Dataset section:
********************
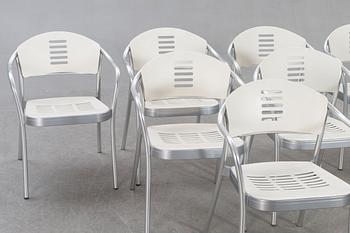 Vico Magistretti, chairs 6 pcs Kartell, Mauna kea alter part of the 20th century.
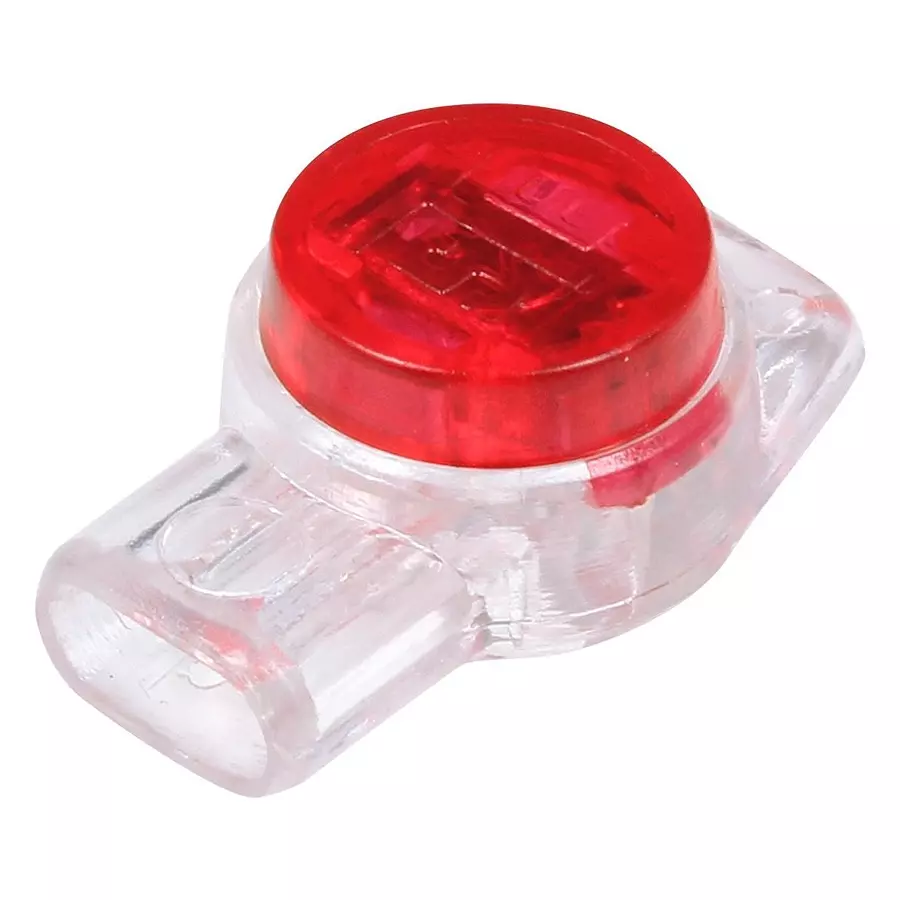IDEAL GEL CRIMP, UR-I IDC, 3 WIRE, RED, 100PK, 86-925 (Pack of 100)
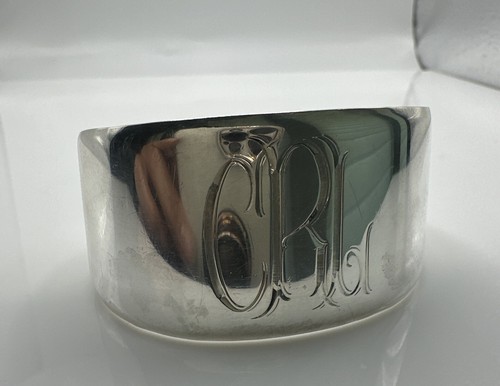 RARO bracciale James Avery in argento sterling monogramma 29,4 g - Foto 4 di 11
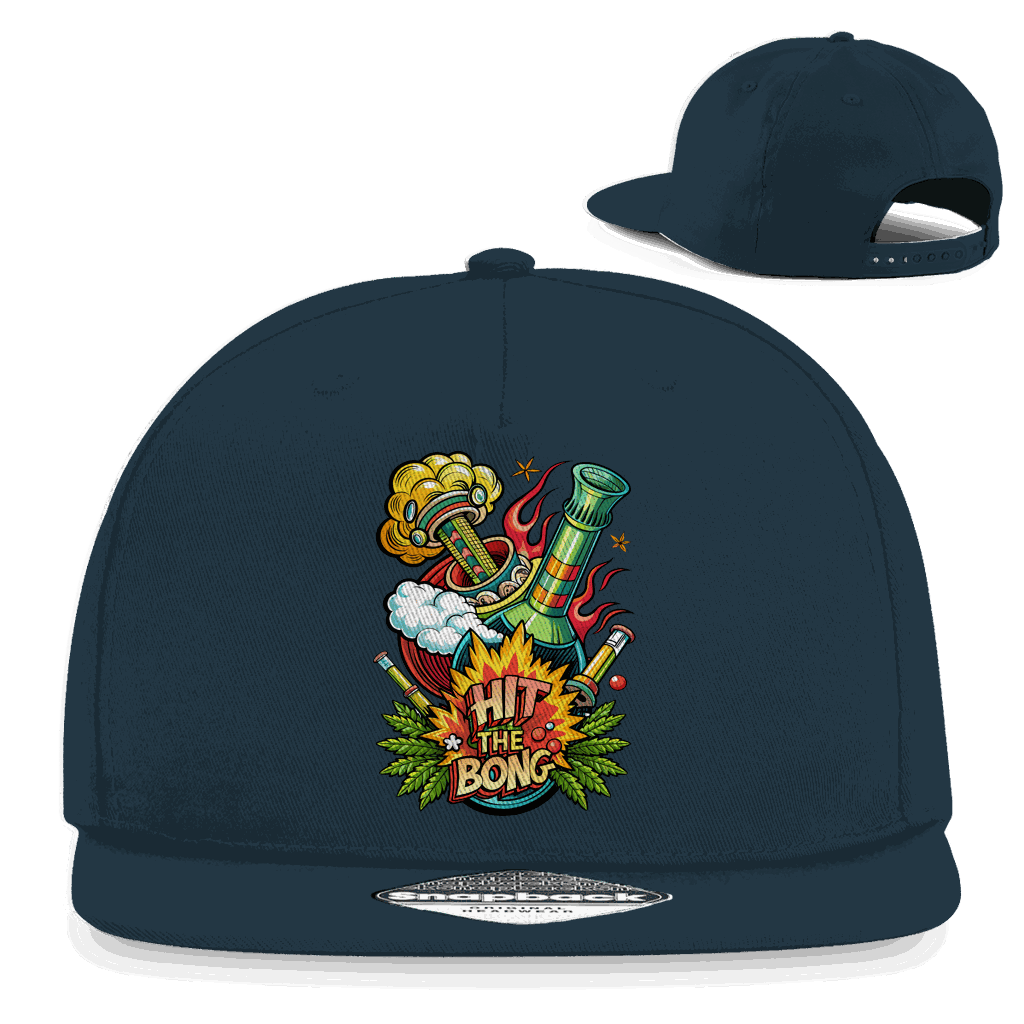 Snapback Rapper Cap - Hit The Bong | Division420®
********************
What needs to be done: Leaving out all pictures, repeat word for word the lines from the one containing "IDEAL GEL CRIMP, UR-I" through the final line of the material above.

Completed task:
IDEAL GEL CRIMP, UR-I IDC, 3 WIRE, RED, 100PK, 86-925 (Pack of 100)
 RARO bracciale James Avery in argento sterling monogramma 29,4 g - Foto 4 di 11
 Snapback Rapper Cap - Hit The Bong | Division420®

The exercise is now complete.